== Segment start ==

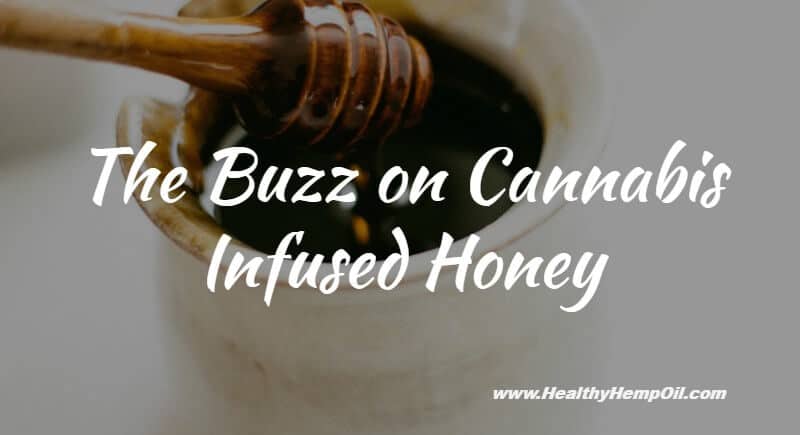 Cannabis Infused Honey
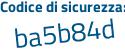 Il Codice di sicurezza è c8 poi 27aea il tutto attaccato senza spazi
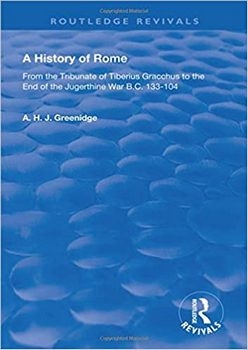 A History of Rome: From the Tribunate of Tiberius Gracchus to the End of the Jugurthine War B.C. 133104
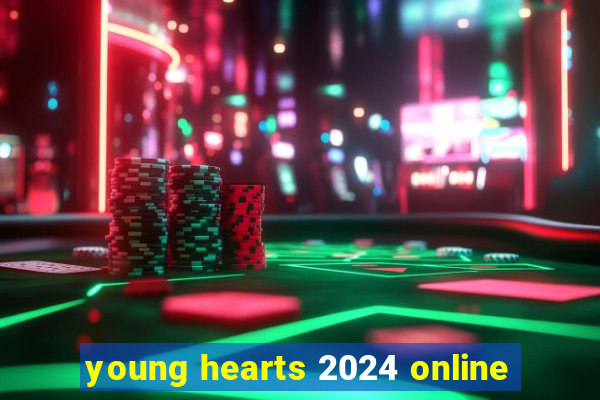 young hearts 2024 online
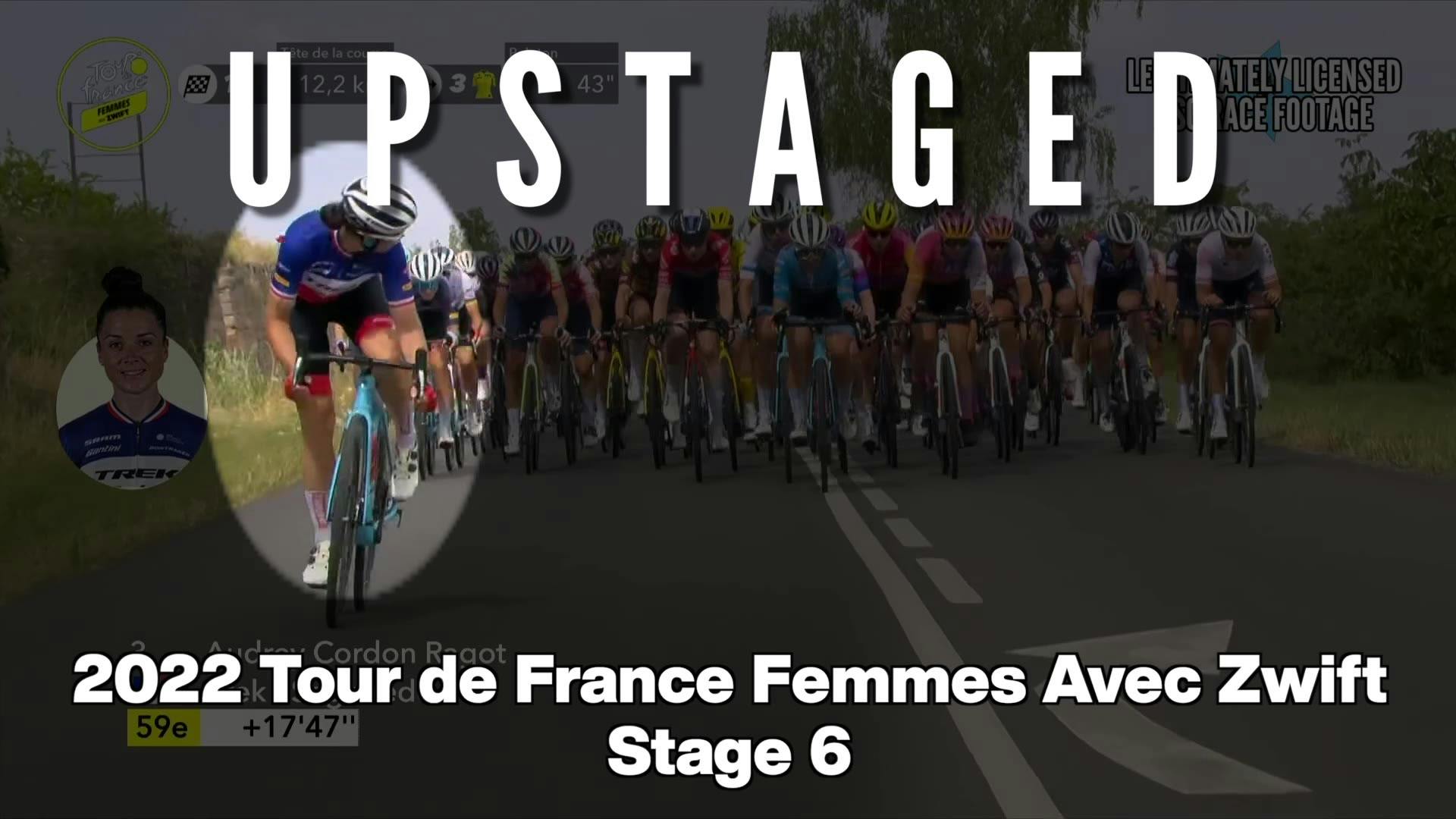 Stage 6: Upstaged | 2022 Tour de France Femmes avec Zwift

== Segment end ==

[The task]:
Everything in the records above should be printed exactly, apart from the pictures.

[Result of this exercise]:
 Cannabis Infused Honey
 Il Codice di sicurezza è c8 poi 27aea il tutto attaccato senza spazi
 A History of Rome: From the Tribunate of Tiberius Gracchus to the End of the Jugurthine War B.C. 133104
 young hearts 2024 online
 Stage 6: Upstaged | 2022 Tour de France Femmes avec Zwift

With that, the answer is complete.